Re: EXI

On Feb 10, 2011, at 18:49 , Henri Sivonen wrote:
> Robin Berjon wrote:
>> Hmmmm, why would you want EXI-compressed HTML to be treated as XML on
>> the other end? 
> 
> To avoid defining how document.write() works when it writes something that's not a balanced subtree.

Given that this is defined for HTML, what would be the exact cost?

>> I would think that precisely the value it could be
>> bring would be to behave as if it were simply an encoding of HTML.
>> Content-Type: text/html\nContent-Encoding: exi.
> 
> How would you make document.write() work?

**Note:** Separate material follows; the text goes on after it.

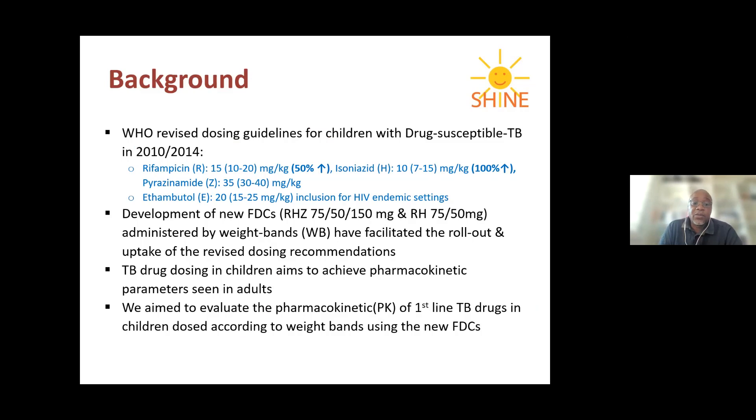They also made adjustments to the dosing of pyrazinamide and recommended it be included in the pediatric regimen, especially in the high TB burden mixed setting. The problem was that the fixed-dose combinations available at that time had a ratio that made this dosing difficult to implement. This was followed by the development of new fixed-dose combination drugs, which are currently in use globally and have made it easier to implement these dosing recommendations.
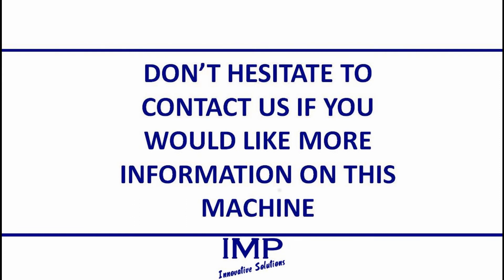For more information on this machine and how it could benefit your business, please do not hesitate to contact us.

I take it that the issue here is only in the case in which it runs while the parser is itself running? I'd expect that for any other case, you have a tree that's an HTML DOM and you handle it just as it is. Or am I missing something?

I would assume that the EXI decoder would be able to maintain a state rather similar to that of the HTML tokeniser and feed whatever document.write() spouts out to the real thing. I guess that I'm not seeing the specific problem, but the description of document.write() in the spec is deceptively simple.

EXI is an XML technology in the same way that XMLHttpRequest is. In fact, the XML people have been adamantly clear that it's not XML from the very beginning :) It's just a tree-based compression mechanism. I know people who are looking at using it on JSON.